I have only have around 100 users, so neither a SAN/HA or DAGs/clustering were ever a real consideration for me. But that user count could be going up to 200 soon through mergers and acquisitions (or a new job ), so it's something I'm trying to understand a bit more about.
It seems to me that we should avoid treating SAN/HA as an alternative to DAG/application clustering as really they're different solutions to different problems. SAN/HA addresses minimising downtime whilst DAG/clustering also addresses data loss. So you need to identify your problem and then select your solution, rather than picking your solution first.
-
I definitely agree with Scott and have learned a lot from him through threads here and on SW!
I am a firm believer in the right tools for the right job. The SAN vs Local Storage (DAG, replication, etc, etc) will always be a decision to be made. And I am coming to agree more and more with @scottalanmiller that Local Storage + Replication + Good Backups will almost always be the better answer for an SMB.
My take-away from my first and only SAN deployment (as smoothly as it went, it could have been much, much, much worse) is that you must define what you are looking for clearly (both to yourself, your team, and to your vendor of choice). You must also do your own research about the products the vendor recommends. We were recommended a number of solutions that were FT only and not true HA. Once your vendor has made you a quote for "Product X" check and make sure the product's company defines things the same way that you do. If you think "Product Y" may be a better fit for what you are wanting, then ask your vendor about it.
Never be afraid to second guess yourself, your vendor, or your peers in a respectful way.
-
@Carnival-Boy said:
It seems to me that we should avoid treating SAN/HA as an alternative to DAG/application clustering as really they're different solutions to different problems. SAN/HA addresses minimising downtime whilst DAG/clustering also addresses data loss. So you need to identify your problem and then select your solution, rather than picking your solution first.
Let me add at that scale. HA addresses minimising downtime, but SAN does not. SAN actually exacerbates downtimes all other things being equal. Many people, especially sales people, conflate SAN with "buying super expensive equipment* which is not the same thing. You can but $60K SAN that are crazy reliable. This is very true. But for even better uptime than two hosts connected to a $60K SAN, you could just buy a $60K server that has fewer points of failure but matches or beats the expensive SAN in all the ways that it is reliable. That's part of the sales trick, making SANs look more reliable than servers by comparing entry level servers to high end SANs. But at the same levels, they are equally reliable (or slightly weighted to the advantage of servers due to massively larger volumes) so anything that is done to make a SAN reliable can be done to make a single server more reliable.
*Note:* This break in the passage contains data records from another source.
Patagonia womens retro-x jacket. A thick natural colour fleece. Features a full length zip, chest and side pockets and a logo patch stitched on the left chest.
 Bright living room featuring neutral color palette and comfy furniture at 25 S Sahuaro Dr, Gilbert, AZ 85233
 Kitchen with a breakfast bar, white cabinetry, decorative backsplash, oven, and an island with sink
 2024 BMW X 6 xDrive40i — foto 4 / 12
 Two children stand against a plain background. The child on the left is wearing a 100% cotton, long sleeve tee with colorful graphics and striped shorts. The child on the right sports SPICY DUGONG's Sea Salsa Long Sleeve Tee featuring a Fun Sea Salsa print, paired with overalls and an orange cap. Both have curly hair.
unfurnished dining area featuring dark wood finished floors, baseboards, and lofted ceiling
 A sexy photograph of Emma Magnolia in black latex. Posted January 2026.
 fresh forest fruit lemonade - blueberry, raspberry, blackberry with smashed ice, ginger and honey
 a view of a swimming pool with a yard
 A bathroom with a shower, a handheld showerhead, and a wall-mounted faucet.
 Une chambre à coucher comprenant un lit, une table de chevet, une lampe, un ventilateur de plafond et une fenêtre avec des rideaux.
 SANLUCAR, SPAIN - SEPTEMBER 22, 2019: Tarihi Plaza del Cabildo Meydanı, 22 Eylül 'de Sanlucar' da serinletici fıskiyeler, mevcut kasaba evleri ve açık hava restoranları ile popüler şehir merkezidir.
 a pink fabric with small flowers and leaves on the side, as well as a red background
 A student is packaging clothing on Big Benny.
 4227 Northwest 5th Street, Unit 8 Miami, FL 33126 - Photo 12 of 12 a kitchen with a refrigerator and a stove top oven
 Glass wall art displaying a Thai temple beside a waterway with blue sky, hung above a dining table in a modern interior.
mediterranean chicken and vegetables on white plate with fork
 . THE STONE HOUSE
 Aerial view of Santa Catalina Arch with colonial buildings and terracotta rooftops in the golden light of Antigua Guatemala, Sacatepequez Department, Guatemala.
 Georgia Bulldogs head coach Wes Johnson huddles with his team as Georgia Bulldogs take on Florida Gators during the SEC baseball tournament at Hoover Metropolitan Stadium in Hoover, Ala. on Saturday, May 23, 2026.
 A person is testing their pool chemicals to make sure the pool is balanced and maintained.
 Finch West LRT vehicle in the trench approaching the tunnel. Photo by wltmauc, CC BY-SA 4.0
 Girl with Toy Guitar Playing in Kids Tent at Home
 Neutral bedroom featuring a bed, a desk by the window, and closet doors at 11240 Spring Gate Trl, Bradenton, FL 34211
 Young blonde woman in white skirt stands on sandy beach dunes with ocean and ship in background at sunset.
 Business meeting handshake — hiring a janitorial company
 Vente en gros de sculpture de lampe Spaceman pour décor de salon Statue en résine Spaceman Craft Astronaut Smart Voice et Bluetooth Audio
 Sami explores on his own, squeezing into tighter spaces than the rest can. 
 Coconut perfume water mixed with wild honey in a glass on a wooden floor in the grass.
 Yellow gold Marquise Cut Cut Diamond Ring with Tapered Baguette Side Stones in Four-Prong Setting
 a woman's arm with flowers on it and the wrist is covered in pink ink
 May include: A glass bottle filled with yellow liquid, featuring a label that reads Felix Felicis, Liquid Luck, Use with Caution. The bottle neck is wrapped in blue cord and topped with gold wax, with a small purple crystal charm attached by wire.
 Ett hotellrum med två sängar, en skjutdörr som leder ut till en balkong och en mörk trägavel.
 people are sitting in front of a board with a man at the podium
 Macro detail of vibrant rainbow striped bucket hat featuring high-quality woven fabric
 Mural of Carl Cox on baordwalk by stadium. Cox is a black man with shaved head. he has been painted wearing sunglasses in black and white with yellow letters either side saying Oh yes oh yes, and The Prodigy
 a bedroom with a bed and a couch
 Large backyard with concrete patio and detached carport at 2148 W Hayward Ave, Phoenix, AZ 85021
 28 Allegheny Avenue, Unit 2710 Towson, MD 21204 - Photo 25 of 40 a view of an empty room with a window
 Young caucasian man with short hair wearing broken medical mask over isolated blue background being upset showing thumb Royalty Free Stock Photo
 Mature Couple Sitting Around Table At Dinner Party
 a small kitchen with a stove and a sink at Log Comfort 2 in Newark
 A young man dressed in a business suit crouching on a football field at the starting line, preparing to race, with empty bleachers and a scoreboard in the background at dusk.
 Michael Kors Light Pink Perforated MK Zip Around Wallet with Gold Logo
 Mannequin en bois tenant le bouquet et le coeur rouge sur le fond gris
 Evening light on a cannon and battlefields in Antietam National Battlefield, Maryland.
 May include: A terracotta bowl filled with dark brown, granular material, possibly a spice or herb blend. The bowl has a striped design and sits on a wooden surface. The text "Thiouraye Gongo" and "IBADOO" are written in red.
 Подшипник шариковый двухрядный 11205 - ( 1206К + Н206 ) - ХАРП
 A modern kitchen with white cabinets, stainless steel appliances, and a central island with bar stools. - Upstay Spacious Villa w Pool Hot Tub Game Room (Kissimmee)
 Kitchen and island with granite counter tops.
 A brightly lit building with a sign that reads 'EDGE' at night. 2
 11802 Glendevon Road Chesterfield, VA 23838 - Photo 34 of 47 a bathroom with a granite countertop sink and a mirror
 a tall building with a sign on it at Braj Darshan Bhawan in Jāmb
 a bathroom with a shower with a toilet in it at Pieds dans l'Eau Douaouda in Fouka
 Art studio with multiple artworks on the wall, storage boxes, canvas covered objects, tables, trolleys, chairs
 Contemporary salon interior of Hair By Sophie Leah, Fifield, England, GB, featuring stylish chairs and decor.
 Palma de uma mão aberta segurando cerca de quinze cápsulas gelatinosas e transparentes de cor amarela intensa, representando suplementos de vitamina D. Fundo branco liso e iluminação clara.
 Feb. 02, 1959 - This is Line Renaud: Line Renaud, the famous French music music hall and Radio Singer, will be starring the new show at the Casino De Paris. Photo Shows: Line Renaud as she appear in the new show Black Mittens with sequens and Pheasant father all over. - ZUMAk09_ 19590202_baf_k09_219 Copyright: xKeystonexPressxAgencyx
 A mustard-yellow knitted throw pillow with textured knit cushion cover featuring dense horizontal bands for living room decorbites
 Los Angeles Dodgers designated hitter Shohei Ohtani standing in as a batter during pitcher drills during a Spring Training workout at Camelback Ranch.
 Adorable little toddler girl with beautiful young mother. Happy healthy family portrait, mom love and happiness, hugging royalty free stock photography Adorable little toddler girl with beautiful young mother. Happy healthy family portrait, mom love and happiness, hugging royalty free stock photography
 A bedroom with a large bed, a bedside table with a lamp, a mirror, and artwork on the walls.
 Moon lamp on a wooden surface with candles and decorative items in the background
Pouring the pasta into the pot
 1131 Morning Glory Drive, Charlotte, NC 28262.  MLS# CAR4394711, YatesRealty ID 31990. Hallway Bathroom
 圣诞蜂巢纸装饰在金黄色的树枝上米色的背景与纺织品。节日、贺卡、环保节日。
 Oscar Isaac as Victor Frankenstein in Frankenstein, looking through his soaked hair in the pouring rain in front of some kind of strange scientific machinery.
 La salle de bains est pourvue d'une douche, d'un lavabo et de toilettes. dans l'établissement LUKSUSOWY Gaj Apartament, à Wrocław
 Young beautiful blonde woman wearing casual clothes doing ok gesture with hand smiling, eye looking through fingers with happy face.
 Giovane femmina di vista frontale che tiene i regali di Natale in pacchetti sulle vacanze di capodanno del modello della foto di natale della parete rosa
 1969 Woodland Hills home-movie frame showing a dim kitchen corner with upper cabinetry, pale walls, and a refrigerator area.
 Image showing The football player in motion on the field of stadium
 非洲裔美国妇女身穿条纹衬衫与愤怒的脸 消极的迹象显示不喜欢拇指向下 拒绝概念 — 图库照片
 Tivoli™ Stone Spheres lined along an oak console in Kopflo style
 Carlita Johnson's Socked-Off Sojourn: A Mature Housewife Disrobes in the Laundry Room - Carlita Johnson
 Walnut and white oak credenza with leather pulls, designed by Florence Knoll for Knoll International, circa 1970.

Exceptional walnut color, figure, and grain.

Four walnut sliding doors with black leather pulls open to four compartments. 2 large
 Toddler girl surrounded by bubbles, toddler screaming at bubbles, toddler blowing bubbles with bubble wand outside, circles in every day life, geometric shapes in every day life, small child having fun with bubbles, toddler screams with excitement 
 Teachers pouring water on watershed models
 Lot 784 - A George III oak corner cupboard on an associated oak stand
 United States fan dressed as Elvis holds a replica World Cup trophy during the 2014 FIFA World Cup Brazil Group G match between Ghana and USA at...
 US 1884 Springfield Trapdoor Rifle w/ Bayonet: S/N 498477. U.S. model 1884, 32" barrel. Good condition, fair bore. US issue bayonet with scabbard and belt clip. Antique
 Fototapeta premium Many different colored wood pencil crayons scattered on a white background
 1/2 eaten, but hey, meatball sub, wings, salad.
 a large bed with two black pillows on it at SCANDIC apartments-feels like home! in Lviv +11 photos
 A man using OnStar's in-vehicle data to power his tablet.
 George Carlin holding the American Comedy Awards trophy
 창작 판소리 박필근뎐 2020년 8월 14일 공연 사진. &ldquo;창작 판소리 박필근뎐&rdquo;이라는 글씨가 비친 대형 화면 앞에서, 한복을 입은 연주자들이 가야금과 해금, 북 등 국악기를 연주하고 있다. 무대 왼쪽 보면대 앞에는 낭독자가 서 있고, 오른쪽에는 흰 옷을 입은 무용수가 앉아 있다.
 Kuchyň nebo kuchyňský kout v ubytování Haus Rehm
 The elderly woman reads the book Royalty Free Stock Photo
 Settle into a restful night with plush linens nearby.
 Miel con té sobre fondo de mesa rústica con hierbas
So while HA is all about uptime and a SAN may or may not be a part of that strategy, the real value to a SAN is in scalability. SANs are more flexibly scalable than any other solution. Scalable means in number of supported physical hosts. So if you need to scale to very large host counts, SAN is the obvious choice. That's SAN's one strong suit - and it is a big one. But when you don't need that one thing, SAN lacks its major "pro" and just comes with the "cons."